Je déteste l'hiver! Tout est gris, froid et triste. Je déteste ma ville ! Enfin j'adore Paris, mais je ne connais de Paris que la banlieue. J'habite à la Courneuve, c'est un bien trop joli nom pour une ville aussi pauvre et désœuvrée, ici rien n'est neuf ni ne ressemble à une cour. Je m'appelle Leila,  j'ai 17 ans je vis avec ma mère, ma sœur Sonia, mon frère Rayan et surtout mon tortionnaire de père qui ne connait qu'un seul moyen d'expression, la violence.
    Ma famille vit dans un petit appartement HLM, vétuste. Nous avons souvent du mal à boucler les fins de mois. Bien que papa travaille depuis peu dans une usine automobile, on ne roule pas sur l'or. Je fais de mon mieux pour aider: je bosse dans les marchés le week-end, propose de faire des ménages, de donner des cours après le lycée ou de faire du babysitting. Je gagne pas grand chose mais c'est toujours ça de pris.

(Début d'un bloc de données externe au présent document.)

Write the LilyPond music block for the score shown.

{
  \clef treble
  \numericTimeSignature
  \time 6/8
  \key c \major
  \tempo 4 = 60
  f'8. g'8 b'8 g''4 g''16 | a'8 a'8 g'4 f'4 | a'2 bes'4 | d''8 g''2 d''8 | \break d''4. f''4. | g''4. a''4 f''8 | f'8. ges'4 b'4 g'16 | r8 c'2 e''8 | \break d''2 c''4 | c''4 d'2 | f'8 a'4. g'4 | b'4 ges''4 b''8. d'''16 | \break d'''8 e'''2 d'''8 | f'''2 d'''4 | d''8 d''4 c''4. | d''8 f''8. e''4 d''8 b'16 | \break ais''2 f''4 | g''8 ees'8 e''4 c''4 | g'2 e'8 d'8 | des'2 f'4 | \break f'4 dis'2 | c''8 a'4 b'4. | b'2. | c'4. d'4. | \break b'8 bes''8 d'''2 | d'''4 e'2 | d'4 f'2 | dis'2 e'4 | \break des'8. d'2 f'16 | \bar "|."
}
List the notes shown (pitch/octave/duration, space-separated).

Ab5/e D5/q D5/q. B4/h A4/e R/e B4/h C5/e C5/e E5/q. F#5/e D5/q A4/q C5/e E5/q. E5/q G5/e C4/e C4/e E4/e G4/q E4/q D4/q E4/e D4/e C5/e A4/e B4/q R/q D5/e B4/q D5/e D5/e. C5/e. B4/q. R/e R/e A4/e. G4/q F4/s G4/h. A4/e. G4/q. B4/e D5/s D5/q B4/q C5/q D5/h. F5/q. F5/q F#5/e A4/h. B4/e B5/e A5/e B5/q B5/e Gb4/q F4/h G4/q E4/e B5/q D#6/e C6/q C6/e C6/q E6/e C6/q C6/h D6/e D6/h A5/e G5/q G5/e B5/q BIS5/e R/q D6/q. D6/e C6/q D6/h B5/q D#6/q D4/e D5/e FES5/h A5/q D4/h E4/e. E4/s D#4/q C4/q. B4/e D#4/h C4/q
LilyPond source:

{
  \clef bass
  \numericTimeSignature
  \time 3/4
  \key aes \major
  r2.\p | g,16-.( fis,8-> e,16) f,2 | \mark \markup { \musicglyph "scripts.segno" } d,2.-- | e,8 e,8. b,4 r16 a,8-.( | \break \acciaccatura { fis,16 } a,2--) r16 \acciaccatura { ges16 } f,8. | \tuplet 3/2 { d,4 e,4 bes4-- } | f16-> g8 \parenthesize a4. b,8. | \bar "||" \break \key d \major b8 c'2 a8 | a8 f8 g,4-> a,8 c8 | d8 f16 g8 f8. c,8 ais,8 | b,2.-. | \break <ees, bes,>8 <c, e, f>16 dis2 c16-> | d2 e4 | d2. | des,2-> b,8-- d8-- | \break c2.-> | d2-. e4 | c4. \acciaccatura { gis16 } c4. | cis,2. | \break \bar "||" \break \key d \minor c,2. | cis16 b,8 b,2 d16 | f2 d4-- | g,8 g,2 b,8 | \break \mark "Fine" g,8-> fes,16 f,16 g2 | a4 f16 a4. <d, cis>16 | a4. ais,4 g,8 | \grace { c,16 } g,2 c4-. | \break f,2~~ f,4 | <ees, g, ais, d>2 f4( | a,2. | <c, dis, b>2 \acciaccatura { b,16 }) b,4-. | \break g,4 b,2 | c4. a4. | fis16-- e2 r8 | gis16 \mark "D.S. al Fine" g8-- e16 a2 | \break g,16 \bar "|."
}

        Je suis parfois tentée de garder cet argent pour moi. M'acheter quelques vêtements ne serait pas du luxe, je ne l'ai encore jamais fait, à presque 18 ans c'est un comble! Les rares fringues que je possède je les ai récupérées de ma grande sœur. C'est l'inconvénient d'être la cadette de la famille, je n'ai jamais rien reçu de neuf, que du seconde main, ce dont Sonia s'est lassée ou ce qu'il ne lui va plus. C'est pour faire des économies selon mon père. Difficile dans ces conditions d'être à la dernière mode, surtout que ma soeur fait deux tailles de plus que moi, alors même si mes talents de couturière me permettent de réajuster certaines pièces, je ne peux pas toujours échapper au ridicule.
        C'est pour cette raison que je suis le souffre douleur de quelques filles branchées du lycée. Mon look, mais aussi ma timidité maladive ont fait de moi une proie idéale et ce depuis des années.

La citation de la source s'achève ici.